You're right, of course - brain fart on my part.

Fixed now; thanks.


https://www.duolingo.com/profile/Ilchymis

This font is throwing me off, I have to remember the L's look like I's. I i & L l


https://www.duolingo.com/profile/Qov-jIH-je

If you have any ideas on how to help new users with the l/I issue, please comment over here: https://forum.duolingo.com/comment/34275830


https://www.duolingo.com/profile/mizinamo

They don't look completely identical -- the small L should have a little curl at the bottom that can help you tell them apart. (At least, if you're using the website version, as I would recommend. I have no idea what the font looks like in the mobile apps.)


https://www.duolingo.com/profile/syntyche1981

The "l" is a bit curly on mobile too.


https://www.duolingo.com/profile/fivefivegenie

Try changing your default fonts & not letting web pages specify your own. There are browser add-ons that do that, but you can do it in the native settings in some browsers (like Firefox, which I use for this because of that reason.)


https://www.duolingo.com/profile/Ormond11

What's the difference between 'I walk' and 'I'll walk'?


https://www.duolingo.com/profile/mizinamo

In Klingon? None.

Klingon does not mark tense (e.g. past, present, future); instead, it marks only aspect (e.g. continuous or completed).

In this case the verb has no aspect marker and we translate this with any of English’s simple tenses on this course, e.g. I walked - I walk - I will walk.


https://www.duolingo.com/profile/Anjee99

So would "I am walking" be different?


https://www.duolingo.com/profile/DavidTrimb3

In English, I'm walking can mean a couple of things.

It can mean that walking is the type of activity I'm assigning to myself. There isn't enough room in the car. Bob is riding and I'm walking. This is jIyIt. Basically, if you could say I walk and only sound a bit archaic, but not wrong, then you need jIyIt.

It can mean walking is your ongoing activity. I'm walking for another five minutes. This is jIyIttaH or jIyItlI', depending on whether you want to express that there's a known stopping point.

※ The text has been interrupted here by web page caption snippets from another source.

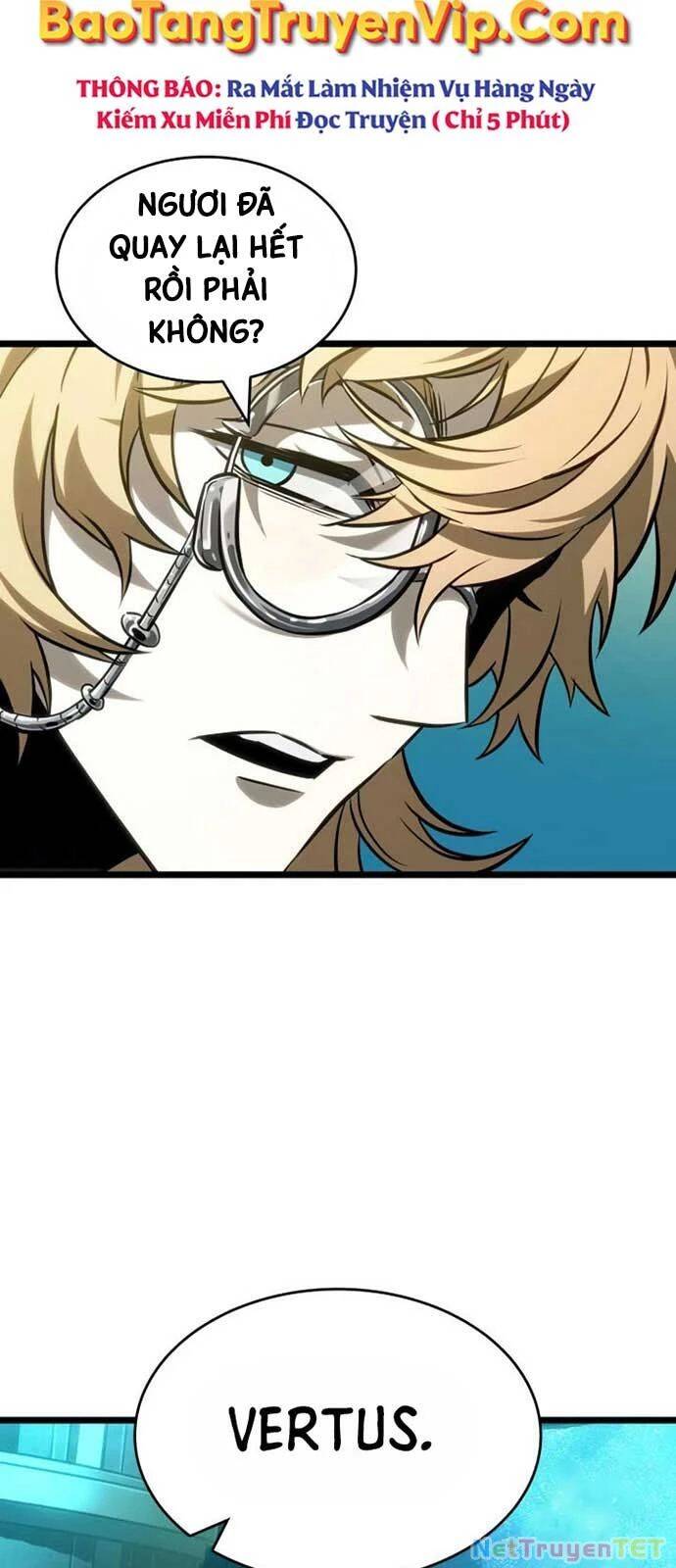 Thế Giới Sau Tận Thế - Chapter 165 - Page 42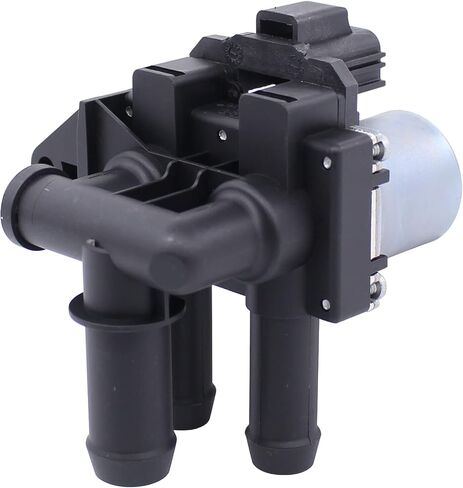 NewYall HVAC Heater Control Valve in Saudi Arabia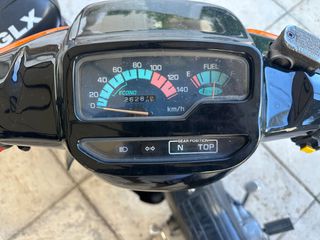 Yamaha Crypton R 1998-thumb-3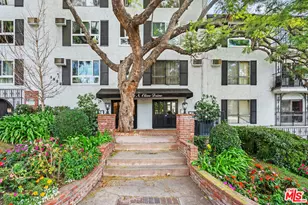 1222 N Olive Dr, West Hollywood, CA 90069 - Photo 31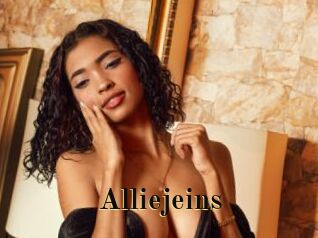 Alliejeins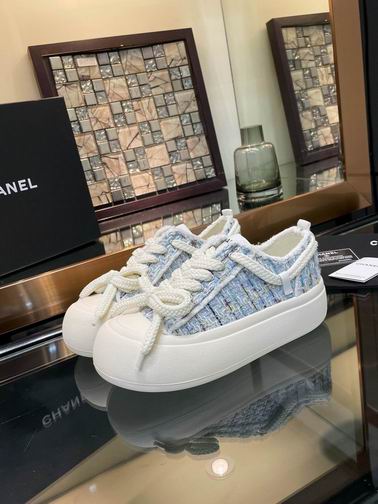 Chanel sz35-41 mnh0304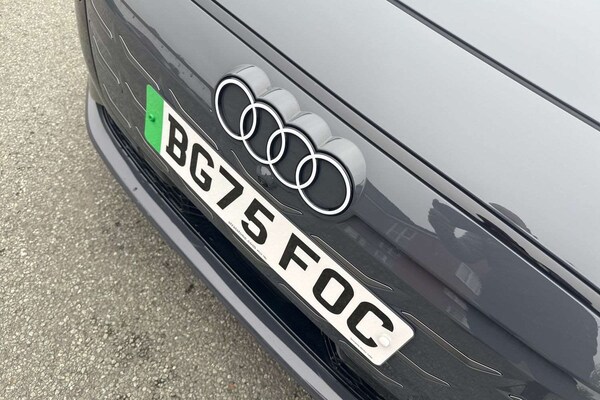 Used Audi A6 2025 for sale - 76272097: Photo 28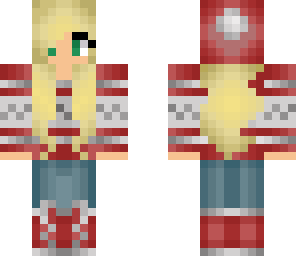 girl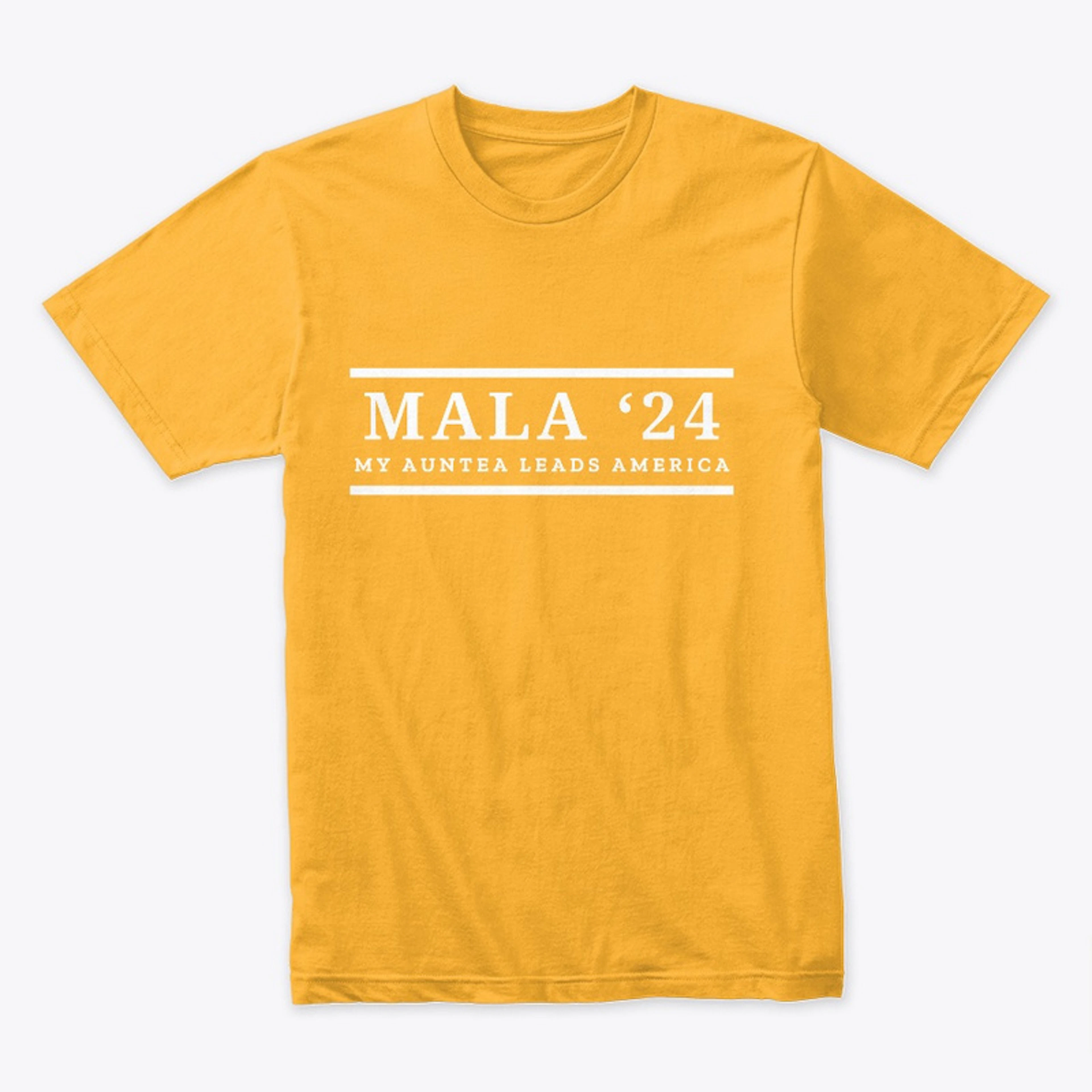 MALA '24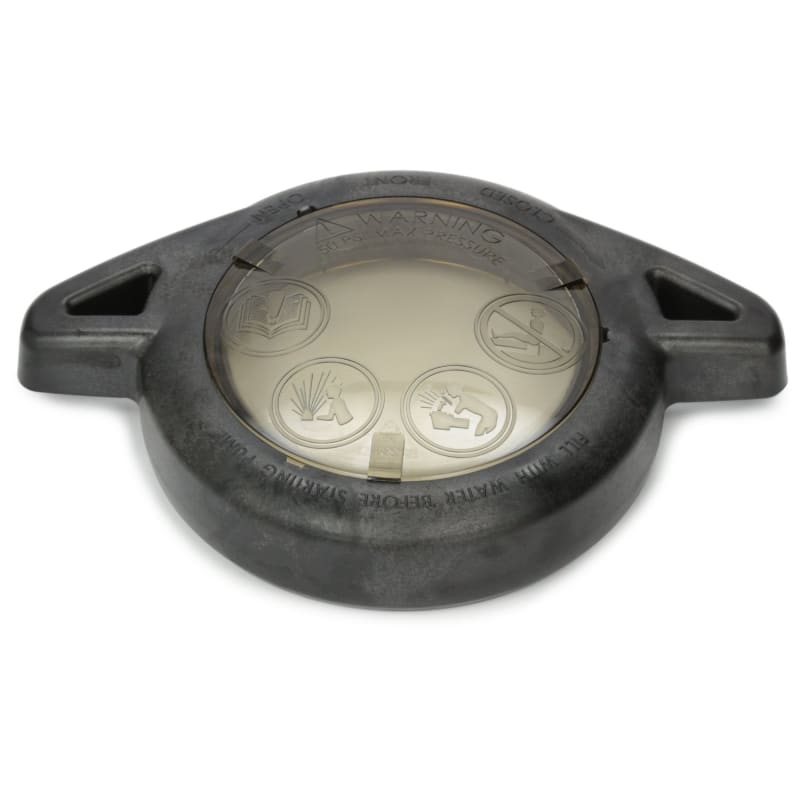 Hayward, Strainer Cover Lid with O-Ring, Max-Flo Pump | SPX1250LA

Unfortunately, this Duolingo course does not distinguish between these English meanings. Anywhere you see -ing, you pretty much always have to use -taH or -lI'. This is not really correct, but you'll have to answer that way to get the course to accept your answers.


https://www.duolingo.com/profile/Anjee99

Thank you! Where else have you learned Klingon to know this?


https://www.duolingo.com/profile/DavidTrimb3

The primary source of grammar is The Klingon Dictionary. There are other sources, and many example sentences and passages written by Marc Okrand.

This is also partly a problem with understanding English grammar. We native English speakers often use our grammar without really understanding it. For instance, English often requires the use of a progressive tense even when the word being used is not really continuous in any way. The grammars of English and Klingon do not have one-to-one, rule-for-rule correspondence. When translating, you have to translate the meaning rather than the literal words.


https://www.duolingo.com/profile/vix142094

okie dokie how many times can i type in "jlylt" with it telling me im wrong umm NOPE GRRRR


https://www.duolingo.com/profile/mizinamo

how many times can i type in "jlylt" with it telling me im wrong

jlyljt is wrong.

The correct spelling is jIyIt. It has two capital i's I and no lowercase L's l.

Look for the little curl at the bottom of the lowercase L l to distinguish it from uppercase i I.